I need some help. I’ve developed a model trained on a housing dataset using logistic regression. However, the accuracy I’m achieving is only 4.96%. Can you help me figure out why it’s not doing better?

Having categorical features does not require you use logistic regression. Category features are usually converted to one-hot true (1) / false (0) values.

The key between linear and logistic regression is what is being predicted.

If the output is a real value, then it’s linear regression.

If the output is true/false or a classification, then it’s logistic regression.

In that @TMosh picture, I separated the feature variables by removing the target variable from the dataset. I assigned these features to the ‘x’ variable. On the other hand, I assigned the target variable ‘median_house_value’ to the ‘y’ variable.

Can I know how the housing prices changes with median house value variable?

Also by stating removing the target variable from dataset, you extracting only the particular categorical value from dataset??
If for the above question answer is yes then you do not need to use df.drop, rather call it by df.head, select the defined column(make sure you have removed any null values). then check related of the defined column to the housing price.

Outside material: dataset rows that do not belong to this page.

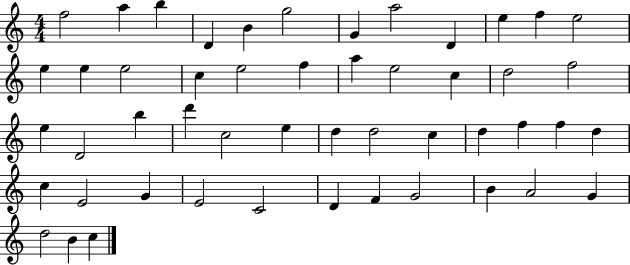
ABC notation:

X:1
T:Untitled
M:4/4
L:1/4
K:C
f2 a b D B g2 G a2 D e f e2 e e e2 c e2 f a e2 c d2 f2 e D2 b d' c2 e d d2 c d f f d c E2 G E2 C2 D F G2 B A2 G d2 B c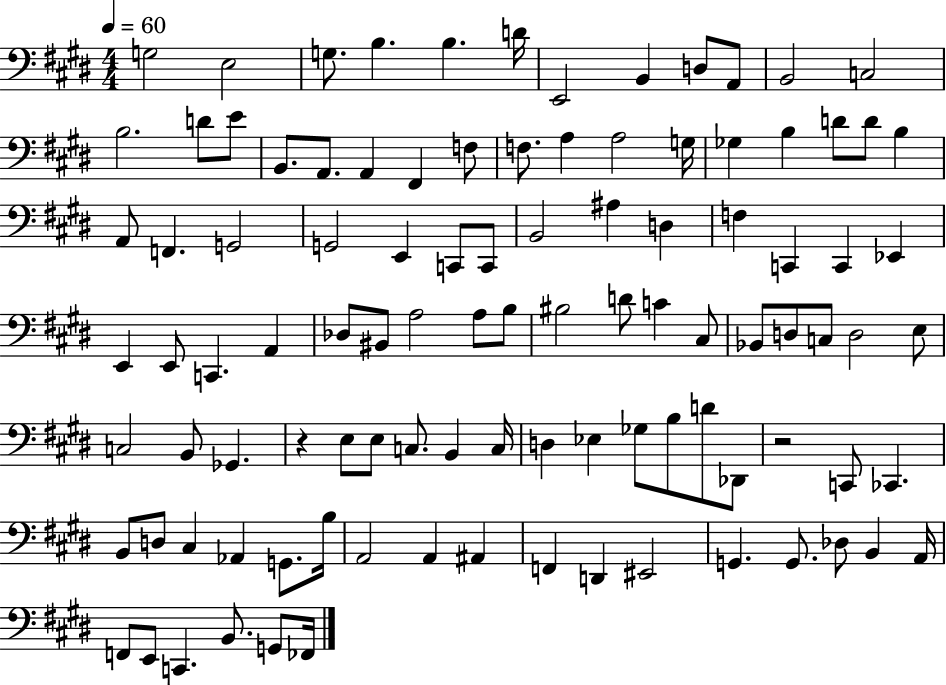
G3/h E3/h G3/e. B3/q. B3/q. D4/s E2/h B2/q D3/e A2/e B2/h C3/h B3/h. D4/e E4/e B2/e. A2/e. A2/q F#2/q F3/e F3/e. A3/q A3/h G3/s Gb3/q B3/q D4/e D4/e B3/q A2/e F2/q. G2/h G2/h E2/q C2/e C2/e B2/h A#3/q D3/q F3/q C2/q C2/q Eb2/q E2/q E2/e C2/q. A2/q Db3/e BIS2/e A3/h A3/e B3/e BIS3/h D4/e C4/q C#3/e Bb2/e D3/e C3/e D3/h E3/e C3/h B2/e Gb2/q. R/q E3/e E3/e C3/e. B2/q C3/s D3/q Eb3/q Gb3/e B3/e D4/e Db2/e R/h C2/e CES2/q. B2/e D3/e C#3/q Ab2/q G2/e. B3/s A2/h A2/q A#2/q F2/q D2/q EIS2/h G2/q. G2/e. Db3/e B2/q A2/s F2/e E2/e C2/q. B2/e. G2/e FES2/s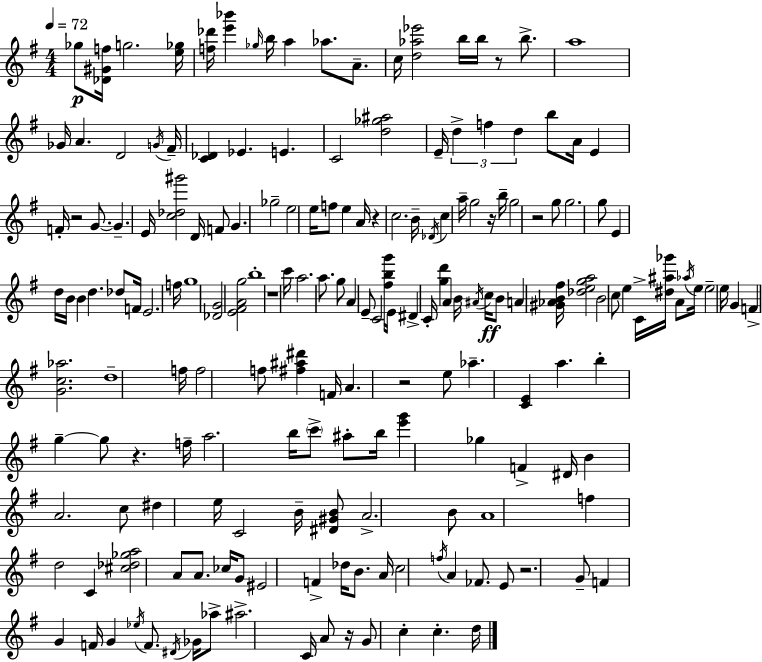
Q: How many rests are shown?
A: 10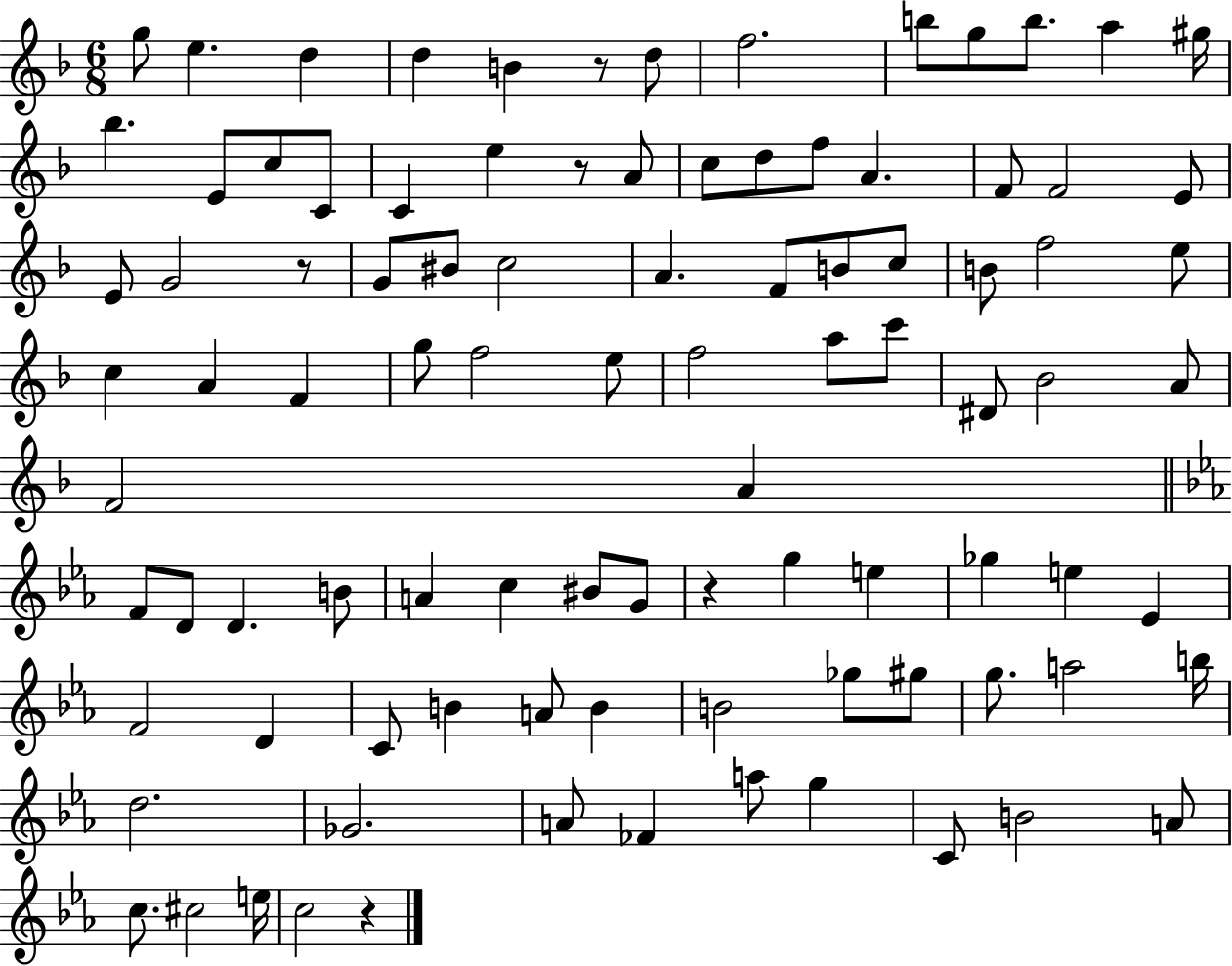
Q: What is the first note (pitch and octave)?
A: G5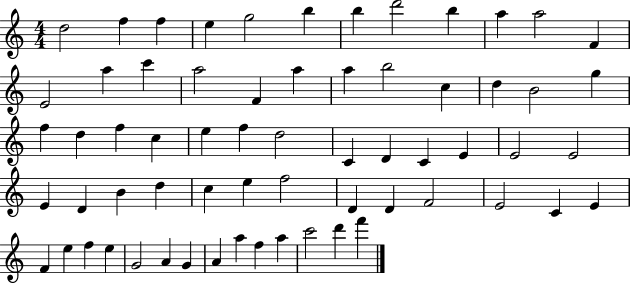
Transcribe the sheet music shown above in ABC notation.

X:1
T:Untitled
M:4/4
L:1/4
K:C
d2 f f e g2 b b d'2 b a a2 F E2 a c' a2 F a a b2 c d B2 g f d f c e f d2 C D C E E2 E2 E D B d c e f2 D D F2 E2 C E F e f e G2 A G A a f a c'2 d' f'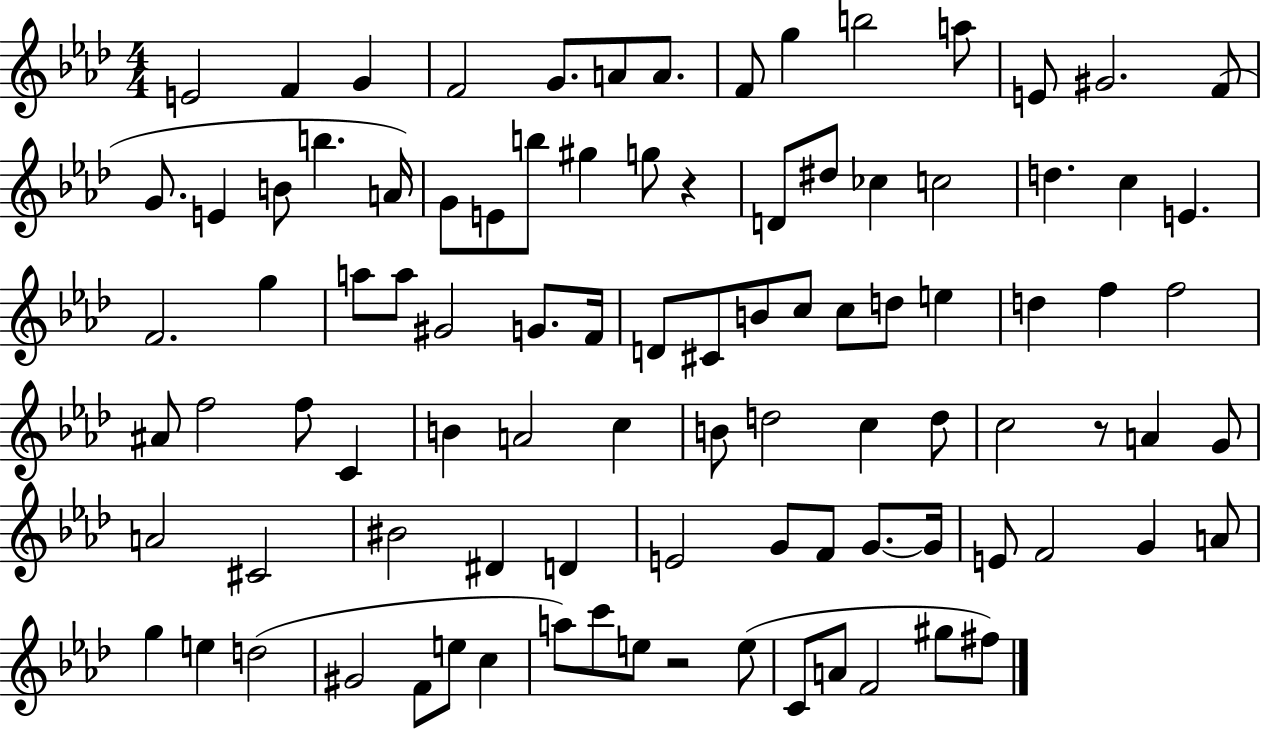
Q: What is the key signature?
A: AES major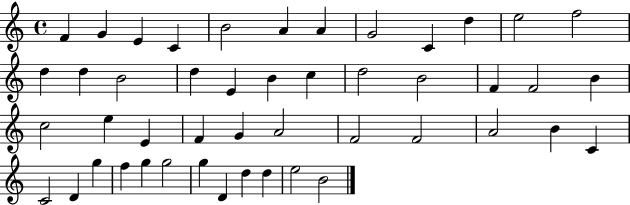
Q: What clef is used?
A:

I checked your notebook and dataset. can you explain what kind of model you are trying to create as no where you explained in the post what kind of correlation you are creating with your model.

You have used latitude (which is negative variable) and total rooms to get a median housing value (done incorrectly as I cannot see you creating any relation between these variables other than graph showing latitude would not be the right variable to get median housing value.

Next what @TMosh mentioned as your data seemed to be wanting to do logistic regression but you have created linear regression which creating all the issue.

So, kindly first brief us what kind of model are you trying to create based on what features or what you are trying to analyse?

In case you are creating a regression analysis between median housing value and total rooms then try to find what is relation between the two.

My suggestion would be to create relation between median housing age and total rooms to median housing value.(This suggestion is without knowing what you are basically looking for in your model.)

Looking at the data set, it appears to me that this data set depicts the median house price within georgraphic areas that are identified by a central latitude/longitude point.

The other columns create the X training features as shown below.

So the goal is to predict the median house price as a function of the location and ocean proximity.